• [Assignment]
Without including any images, please transcribe all the lines below exactly.

• [Data listing]
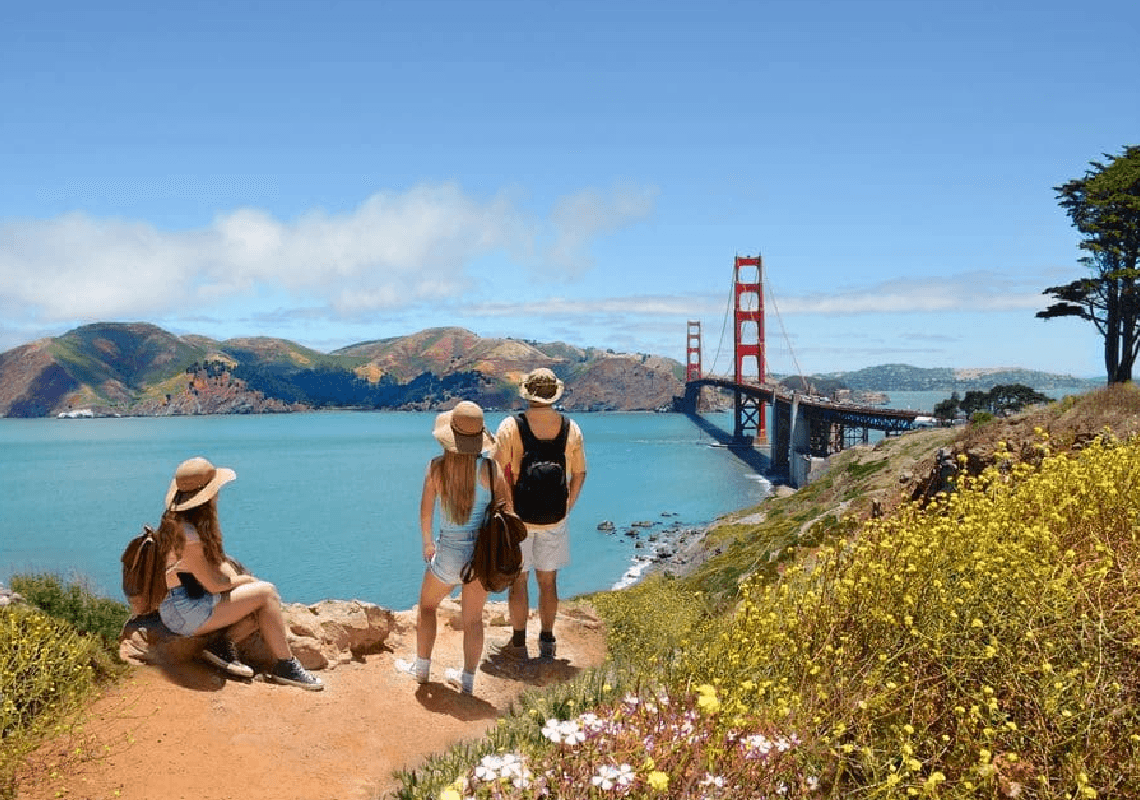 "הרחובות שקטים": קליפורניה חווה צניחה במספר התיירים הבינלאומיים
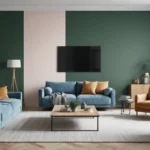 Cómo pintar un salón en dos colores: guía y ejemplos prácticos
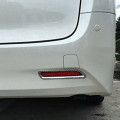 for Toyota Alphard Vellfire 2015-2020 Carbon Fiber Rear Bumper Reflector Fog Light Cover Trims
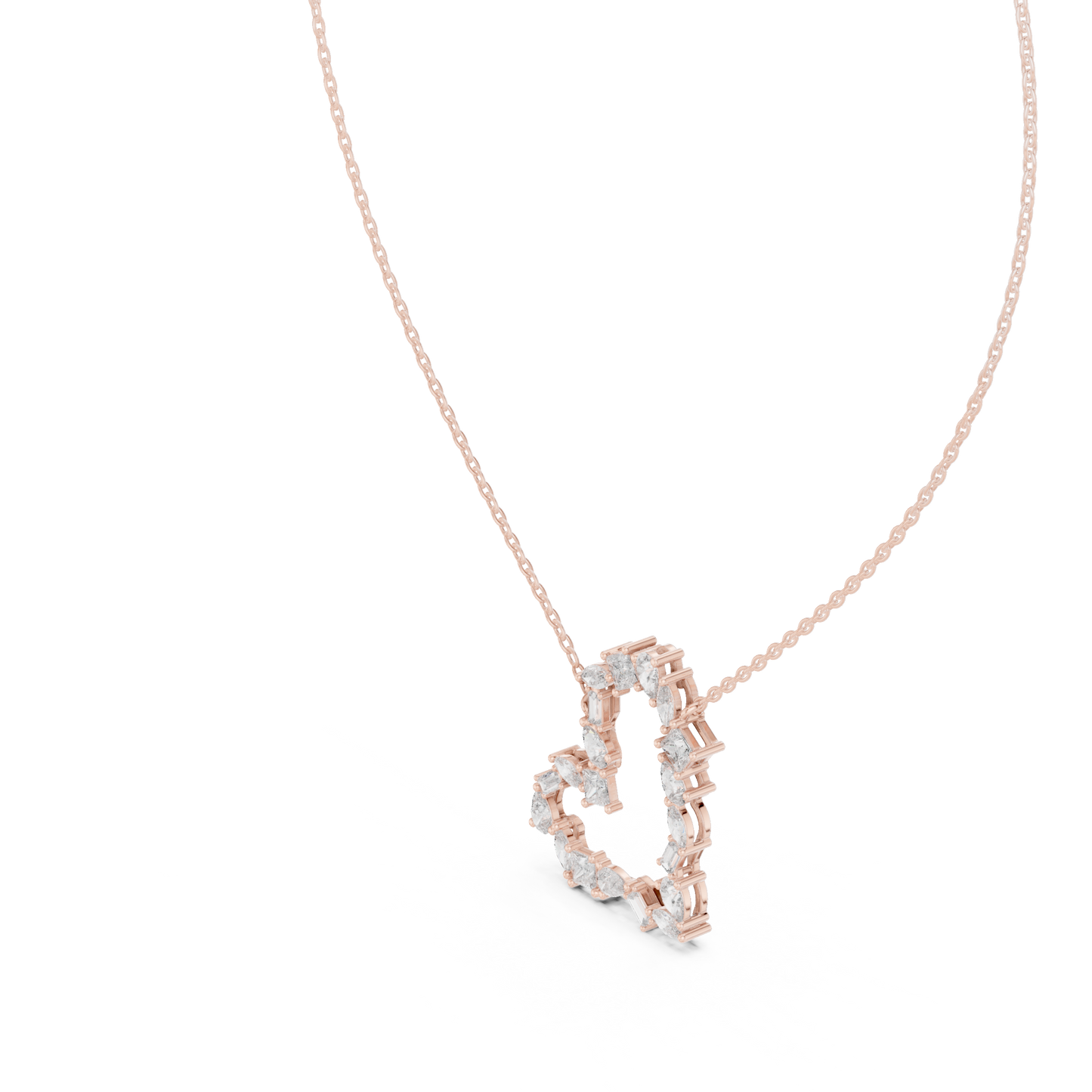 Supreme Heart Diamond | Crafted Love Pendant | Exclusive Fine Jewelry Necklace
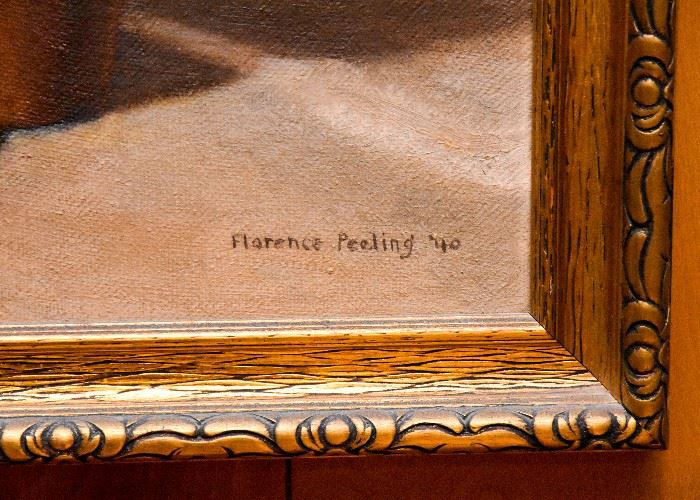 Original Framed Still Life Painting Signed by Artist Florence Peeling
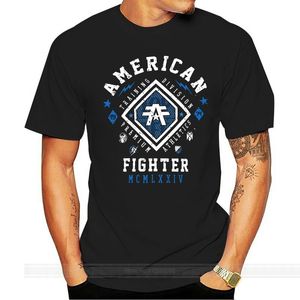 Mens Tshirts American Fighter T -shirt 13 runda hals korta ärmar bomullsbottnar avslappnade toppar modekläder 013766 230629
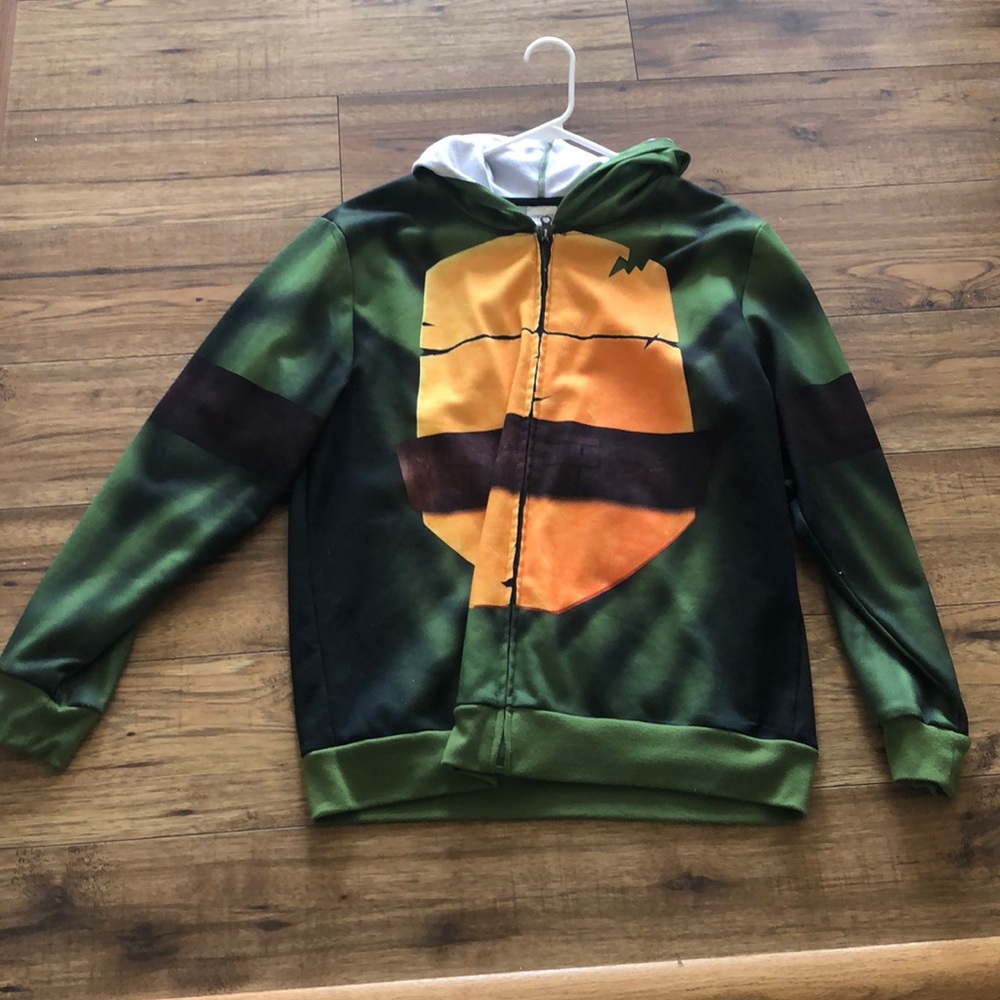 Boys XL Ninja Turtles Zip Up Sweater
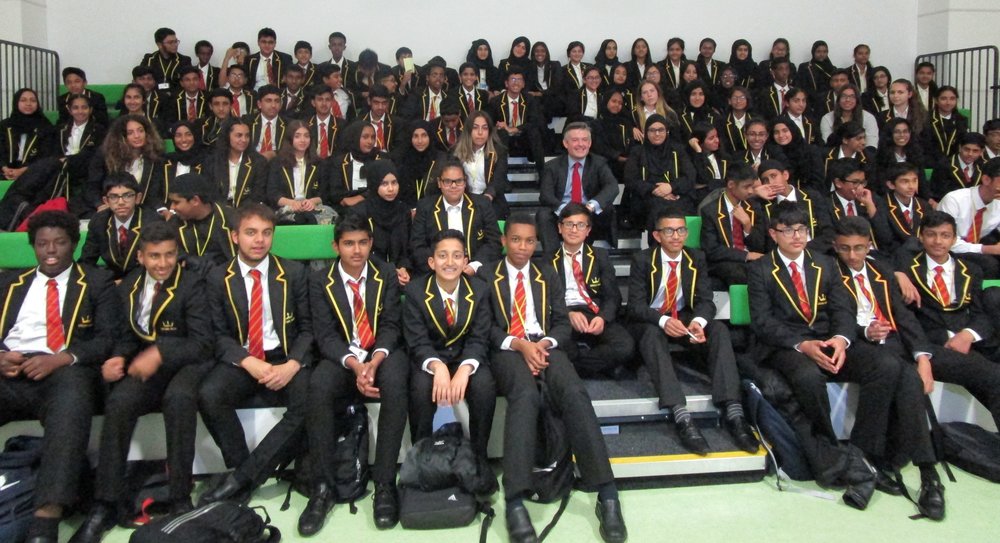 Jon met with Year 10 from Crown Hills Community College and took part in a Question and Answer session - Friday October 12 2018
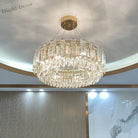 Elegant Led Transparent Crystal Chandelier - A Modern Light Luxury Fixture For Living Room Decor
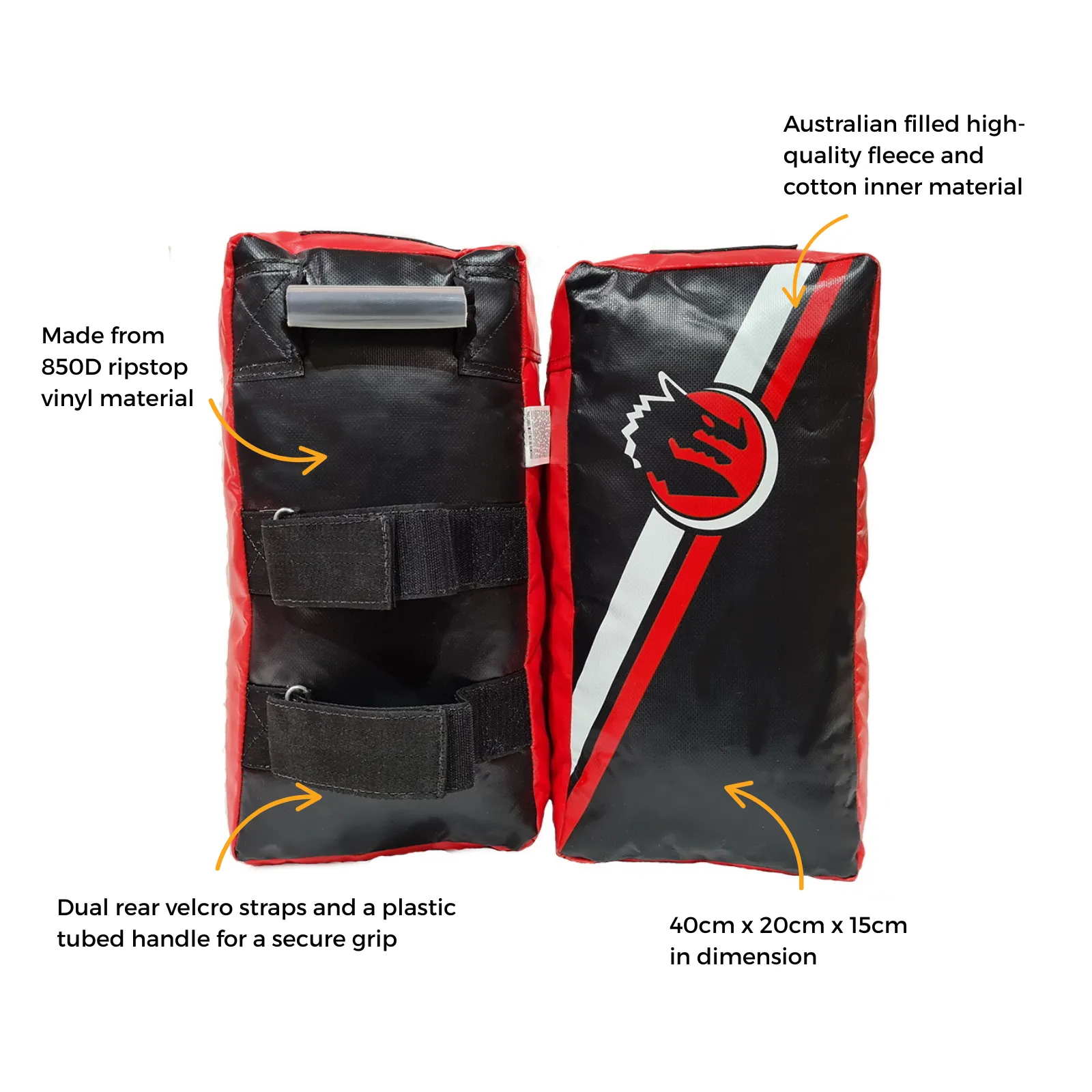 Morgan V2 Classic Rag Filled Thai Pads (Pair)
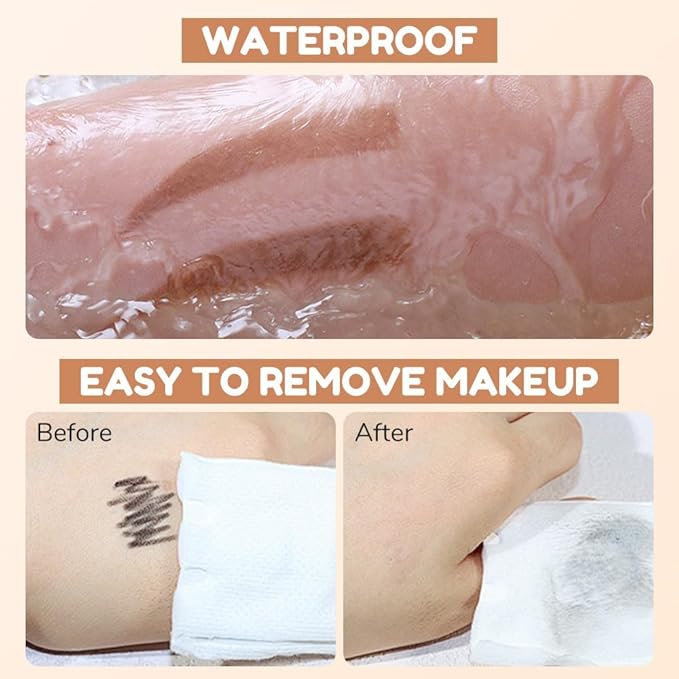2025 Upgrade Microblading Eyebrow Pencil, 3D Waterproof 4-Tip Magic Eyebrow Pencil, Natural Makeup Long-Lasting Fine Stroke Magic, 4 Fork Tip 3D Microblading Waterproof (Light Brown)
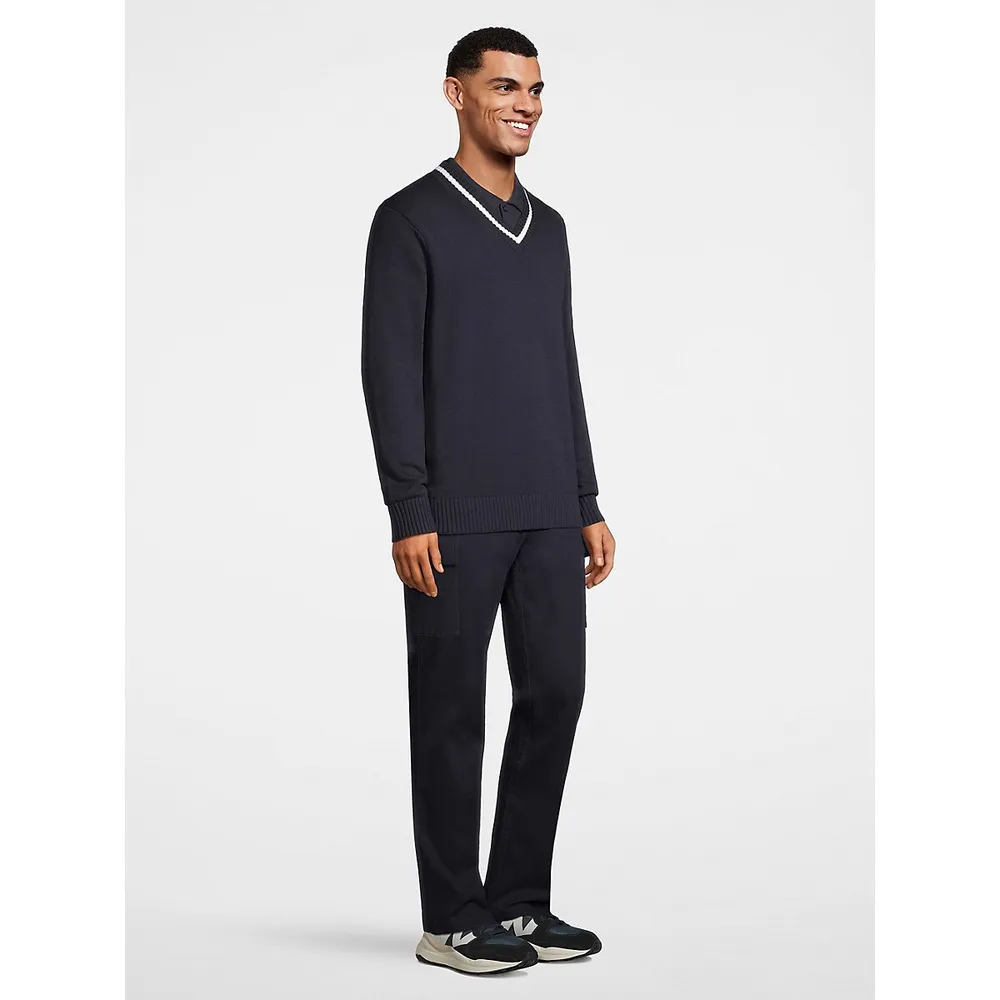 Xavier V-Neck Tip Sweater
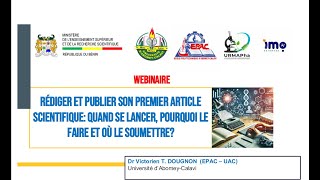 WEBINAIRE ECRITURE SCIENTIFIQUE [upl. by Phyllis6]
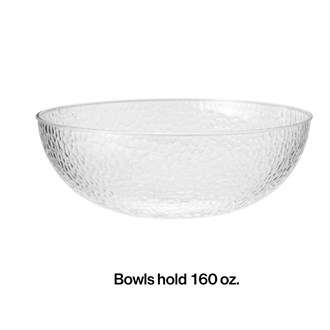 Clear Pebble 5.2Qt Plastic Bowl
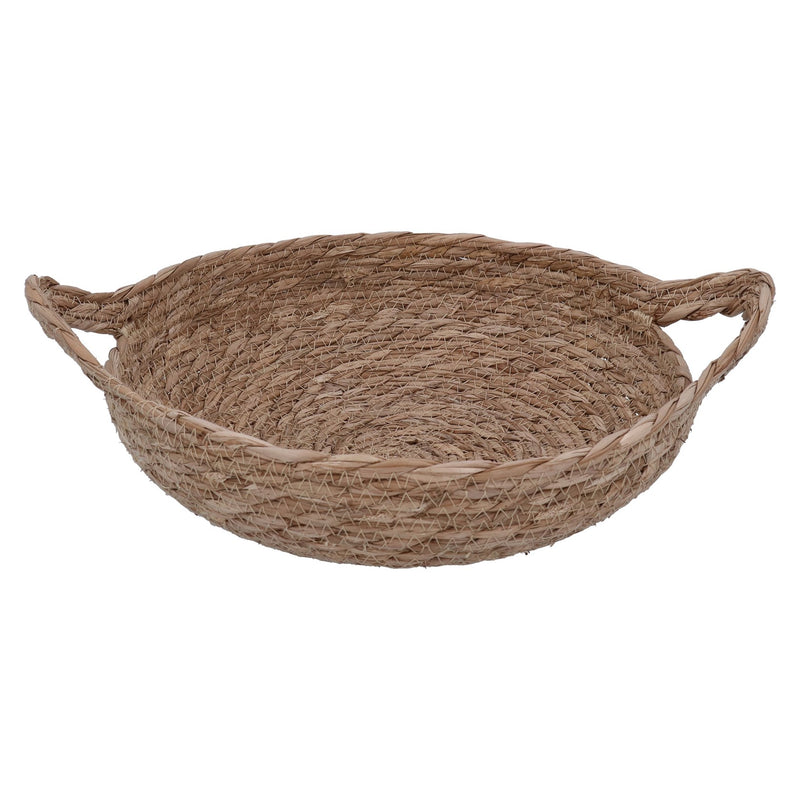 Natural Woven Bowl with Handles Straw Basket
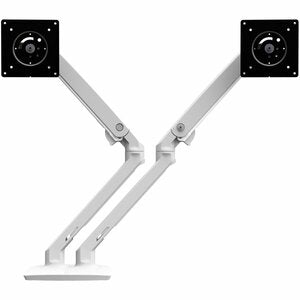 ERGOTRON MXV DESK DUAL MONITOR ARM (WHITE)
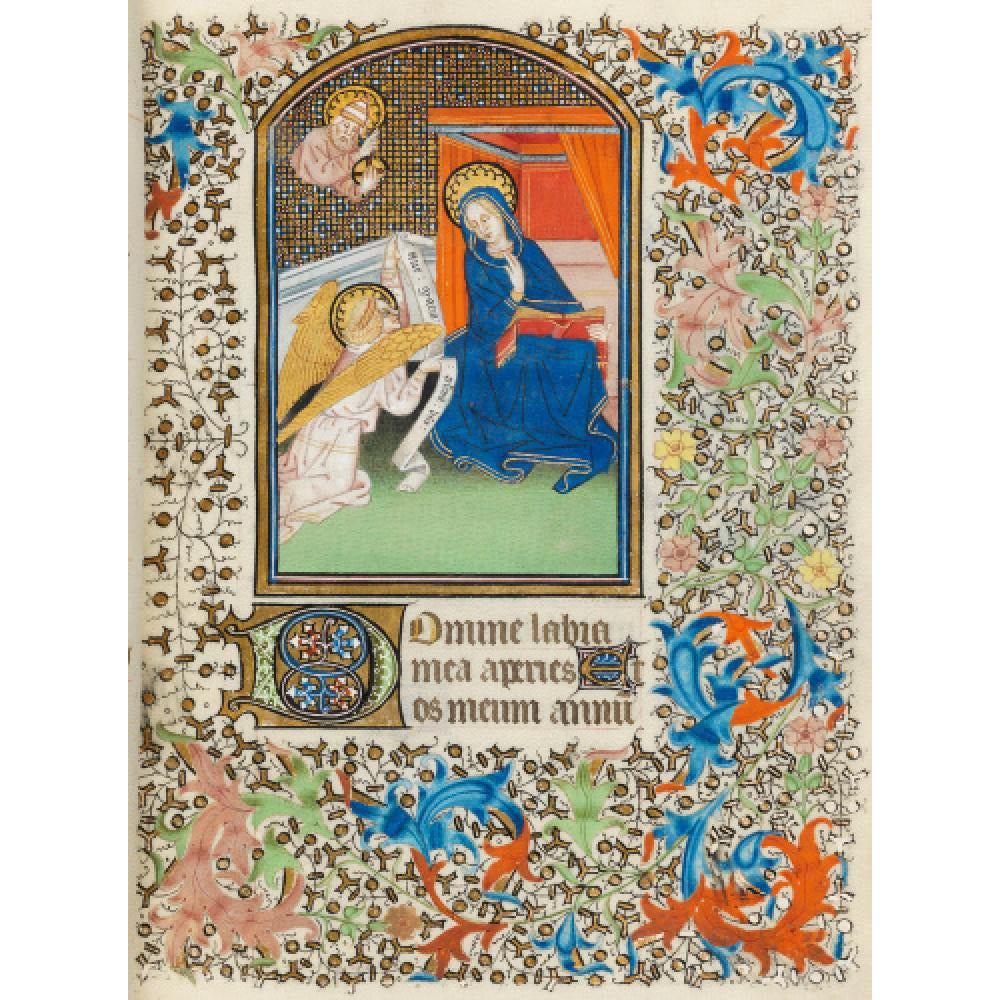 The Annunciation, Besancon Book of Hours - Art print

• [Solution for this problem]
 "הרחובות שקטים": קליפורניה חווה צניחה במספר התיירים הבינלאומיים
 Cómo pintar un salón en dos colores: guía y ejemplos prácticos
 for Toyota Alphard Vellfire 2015-2020 Carbon Fiber Rear Bumper Reflector Fog Light Cover Trims
 Supreme Heart Diamond | Crafted Love Pendant | Exclusive Fine Jewelry Necklace
 Original Framed Still Life Painting Signed by Artist Florence Peeling
 Mens Tshirts American Fighter T -shirt 13 runda hals korta ärmar bomullsbottnar avslappnade toppar modekläder 013766 230629
 Boys XL Ninja Turtles Zip Up Sweater
 Jon met with Year 10 from Crown Hills Community College and took part in a Question and Answer session - Friday October 12 2018
 Elegant Led Transparent Crystal Chandelier - A Modern Light Luxury Fixture For Living Room Decor
 Morgan V2 Classic Rag Filled Thai Pads (Pair)
2025 Upgrade Microblading Eyebrow Pencil, 3D Waterproof 4-Tip Magic Eyebrow Pencil, Natural Makeup Long-Lasting Fine Stroke Magic, 4 Fork Tip 3D Microblading Waterproof (Light Brown)
 Xavier V-Neck Tip Sweater
 WEBINAIRE ECRITURE SCIENTIFIQUE [upl. by Phyllis6]
 Clear Pebble 5.2Qt Plastic Bowl
 Natural Woven Bowl with Handles Straw Basket
 ERGOTRON MXV DESK DUAL MONITOR ARM (WHITE)
 The Annunciation, Besancon Book of Hours - Art print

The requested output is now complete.